• **Assignment**
Your task is to return the span of lines beginning at the one with "Mocici Candy Heart" and ending at the last line of the data, exactly as it stands.

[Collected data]
● ● ● ● ● ● ●

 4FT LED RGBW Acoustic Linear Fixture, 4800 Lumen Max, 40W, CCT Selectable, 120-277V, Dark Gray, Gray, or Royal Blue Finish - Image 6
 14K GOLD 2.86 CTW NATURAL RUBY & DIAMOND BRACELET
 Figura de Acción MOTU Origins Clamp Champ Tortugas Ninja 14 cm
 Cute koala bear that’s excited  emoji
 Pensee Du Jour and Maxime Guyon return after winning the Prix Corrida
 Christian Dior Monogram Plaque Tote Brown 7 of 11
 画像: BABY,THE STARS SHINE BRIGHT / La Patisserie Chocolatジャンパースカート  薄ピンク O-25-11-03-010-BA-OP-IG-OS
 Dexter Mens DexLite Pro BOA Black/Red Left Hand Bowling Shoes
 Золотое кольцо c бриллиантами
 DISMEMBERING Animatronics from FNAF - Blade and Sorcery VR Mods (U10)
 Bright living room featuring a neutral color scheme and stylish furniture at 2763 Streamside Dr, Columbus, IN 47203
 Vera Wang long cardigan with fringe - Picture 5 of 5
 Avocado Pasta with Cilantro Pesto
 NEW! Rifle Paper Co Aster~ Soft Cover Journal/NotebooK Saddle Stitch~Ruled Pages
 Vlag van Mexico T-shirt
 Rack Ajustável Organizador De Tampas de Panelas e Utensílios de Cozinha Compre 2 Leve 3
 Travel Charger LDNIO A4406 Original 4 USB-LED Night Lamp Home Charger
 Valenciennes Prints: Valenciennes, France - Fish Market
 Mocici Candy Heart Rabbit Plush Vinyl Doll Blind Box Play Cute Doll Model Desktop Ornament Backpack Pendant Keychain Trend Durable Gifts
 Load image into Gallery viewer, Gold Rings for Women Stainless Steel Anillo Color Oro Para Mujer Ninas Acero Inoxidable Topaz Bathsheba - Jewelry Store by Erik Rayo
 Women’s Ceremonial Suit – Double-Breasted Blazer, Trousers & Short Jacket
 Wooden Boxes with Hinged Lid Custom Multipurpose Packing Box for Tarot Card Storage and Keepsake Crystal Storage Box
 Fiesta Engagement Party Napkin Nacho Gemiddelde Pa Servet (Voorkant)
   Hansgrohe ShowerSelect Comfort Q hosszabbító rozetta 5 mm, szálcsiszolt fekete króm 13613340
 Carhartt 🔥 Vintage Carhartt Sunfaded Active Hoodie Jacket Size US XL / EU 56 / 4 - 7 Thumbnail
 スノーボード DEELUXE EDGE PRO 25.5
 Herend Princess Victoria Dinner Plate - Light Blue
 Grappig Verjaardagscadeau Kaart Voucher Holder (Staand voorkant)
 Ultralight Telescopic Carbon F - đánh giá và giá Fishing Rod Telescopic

● ● ● ● ● ● ●

• **Task solution**
 Mocici Candy Heart Rabbit Plush Vinyl Doll Blind Box Play Cute Doll Model Desktop Ornament Backpack Pendant Keychain Trend Durable Gifts
 Load image into Gallery viewer, Gold Rings for Women Stainless Steel Anillo Color Oro Para Mujer Ninas Acero Inoxidable Topaz Bathsheba - Jewelry Store by Erik Rayo
 Women’s Ceremonial Suit – Double-Breasted Blazer, Trousers & Short Jacket
 Wooden Boxes with Hinged Lid Custom Multipurpose Packing Box for Tarot Card Storage and Keepsake Crystal Storage Box
 Fiesta Engagement Party Napkin Nacho Gemiddelde Pa Servet (Voorkant)
   Hansgrohe ShowerSelect Comfort Q hosszabbító rozetta 5 mm, szálcsiszolt fekete króm 13613340
 Carhartt 🔥 Vintage Carhartt Sunfaded Active Hoodie Jacket Size US XL / EU 56 / 4 - 7 Thumbnail
 スノーボード DEELUXE EDGE PRO 25.5
 Herend Princess Victoria Dinner Plate - Light Blue
 Grappig Verjaardagscadeau Kaart Voucher Holder (Staand voorkant)
 Ultralight Telescopic Carbon F - đánh giá và giá Fishing Rod Telescopic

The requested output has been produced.